• [TASK STATEMENT] Leave out the pictures, and reproduce exactly the lines from the line containing "MITSUBISHI Outlander PHEV" through the final line of the entries.

(Data items)

• • • • • • •

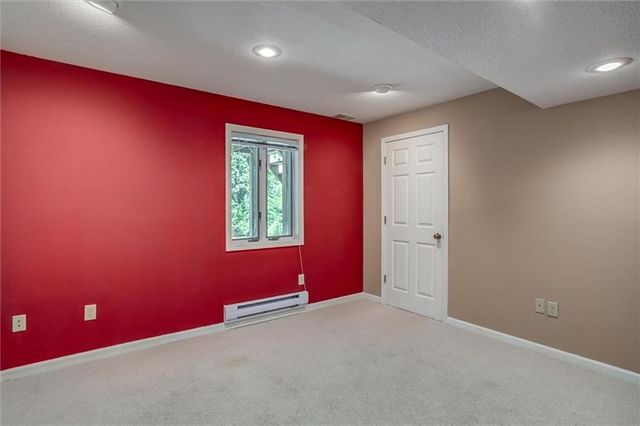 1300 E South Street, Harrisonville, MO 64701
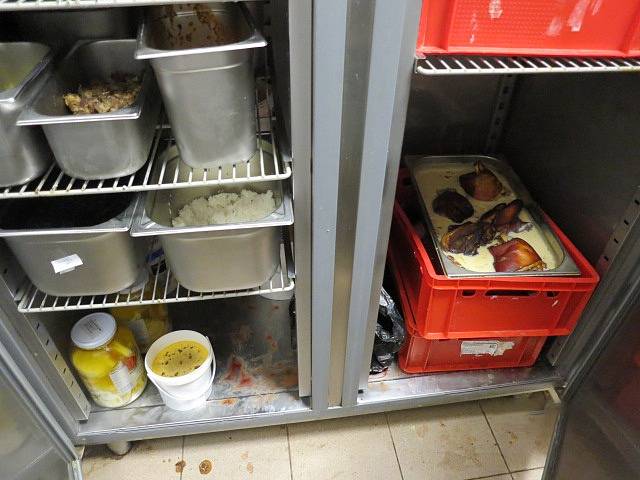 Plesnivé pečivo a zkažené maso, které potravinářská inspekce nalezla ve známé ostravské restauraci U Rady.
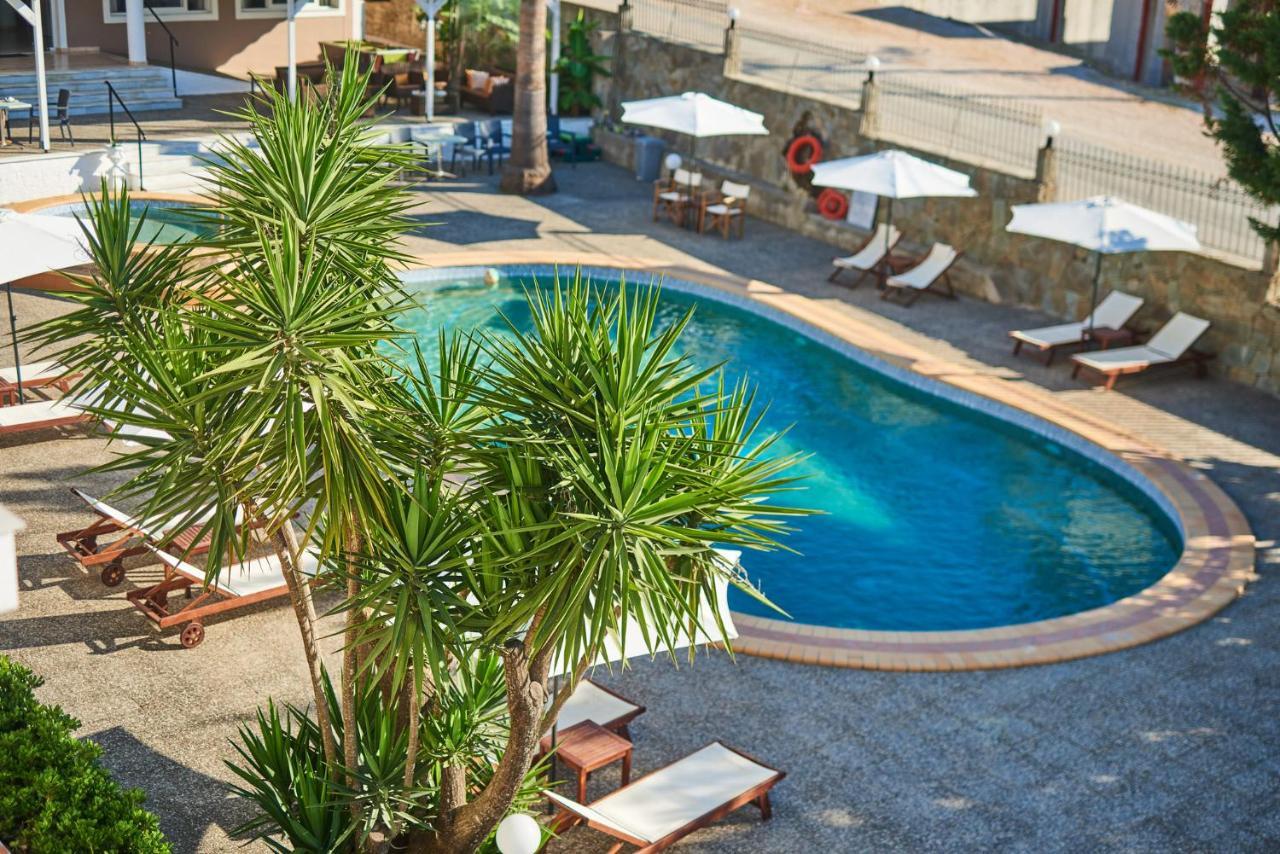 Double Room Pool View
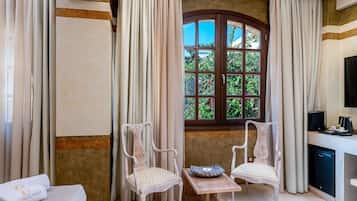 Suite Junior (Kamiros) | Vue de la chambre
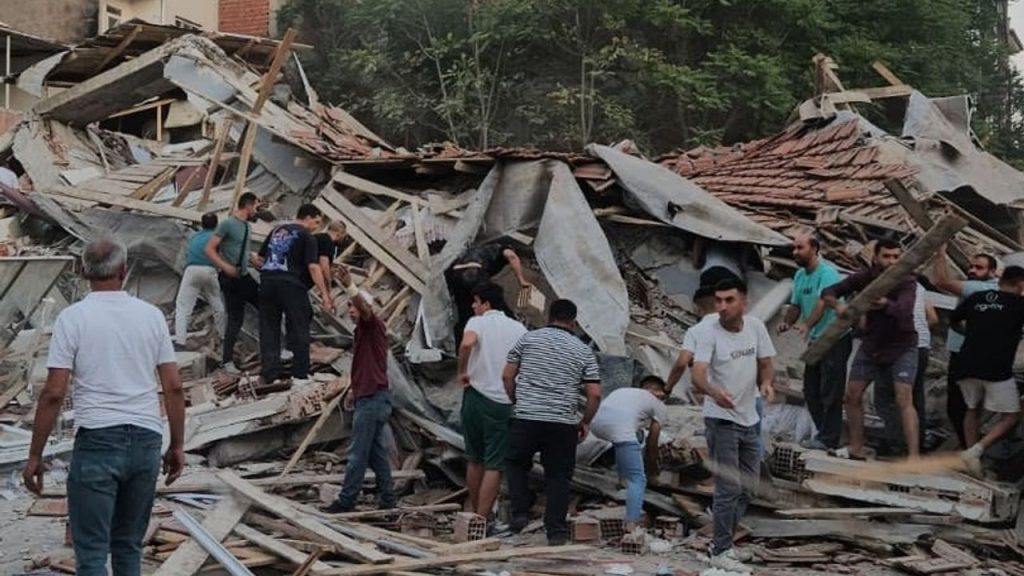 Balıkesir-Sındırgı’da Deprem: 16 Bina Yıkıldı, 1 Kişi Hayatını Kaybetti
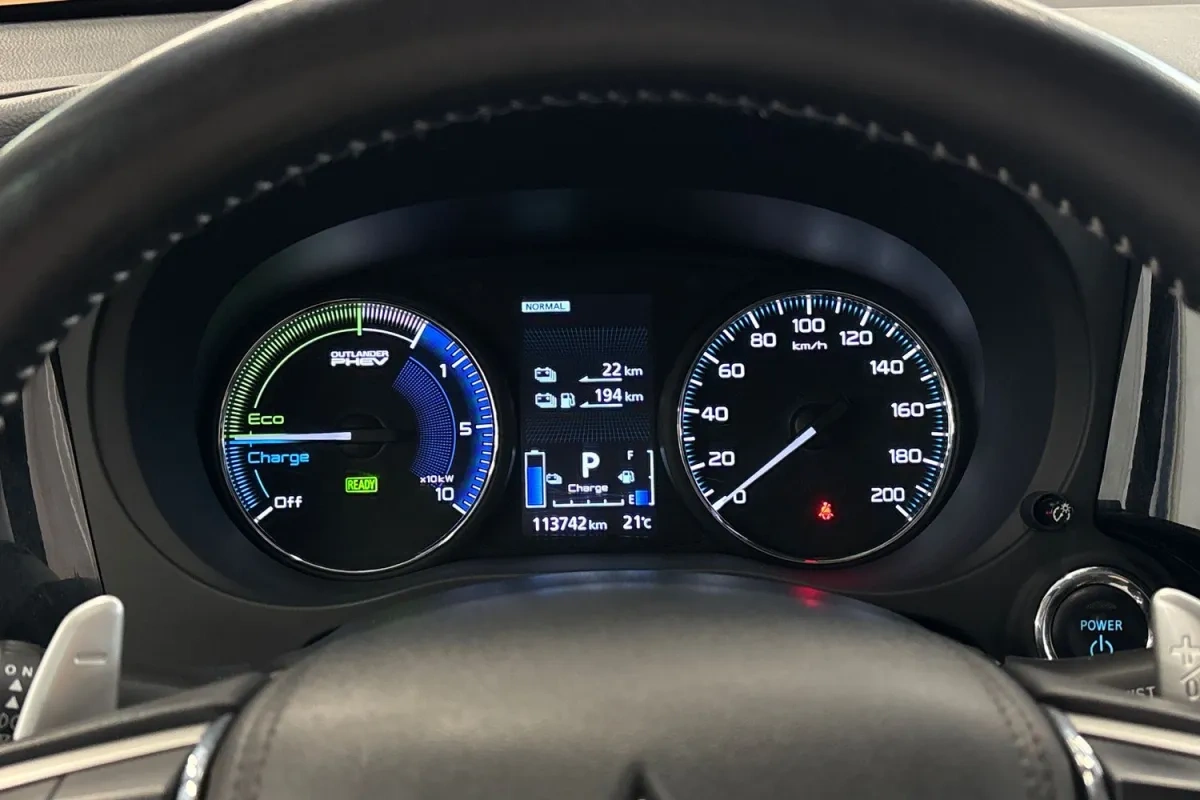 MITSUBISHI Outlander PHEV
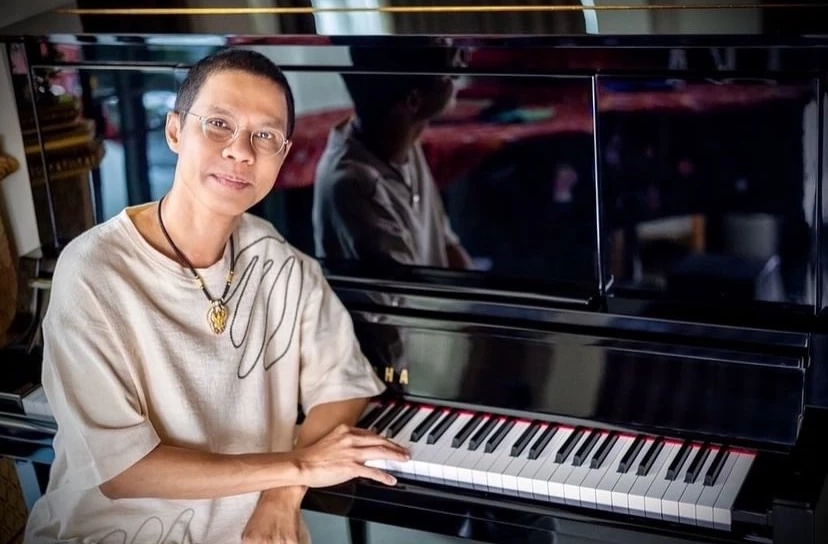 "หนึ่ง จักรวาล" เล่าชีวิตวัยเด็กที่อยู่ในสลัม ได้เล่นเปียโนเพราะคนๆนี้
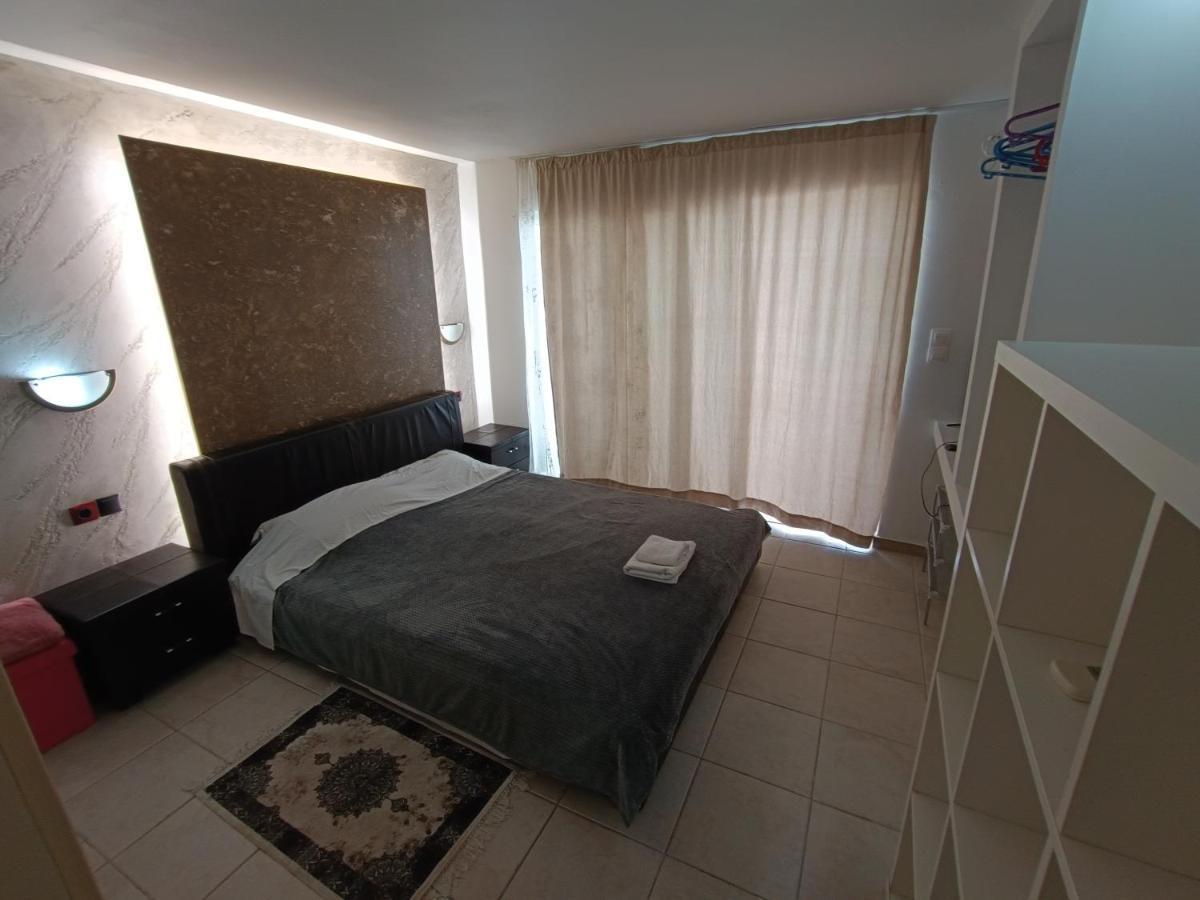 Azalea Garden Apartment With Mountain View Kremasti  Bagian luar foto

• • • • • • •

• [REPLY]
 MITSUBISHI Outlander PHEV
 "หนึ่ง จักรวาล" เล่าชีวิตวัยเด็กที่อยู่ในสลัม ได้เล่นเปียโนเพราะคนๆนี้
 Azalea Garden Apartment With Mountain View Kremasti  Bagian luar foto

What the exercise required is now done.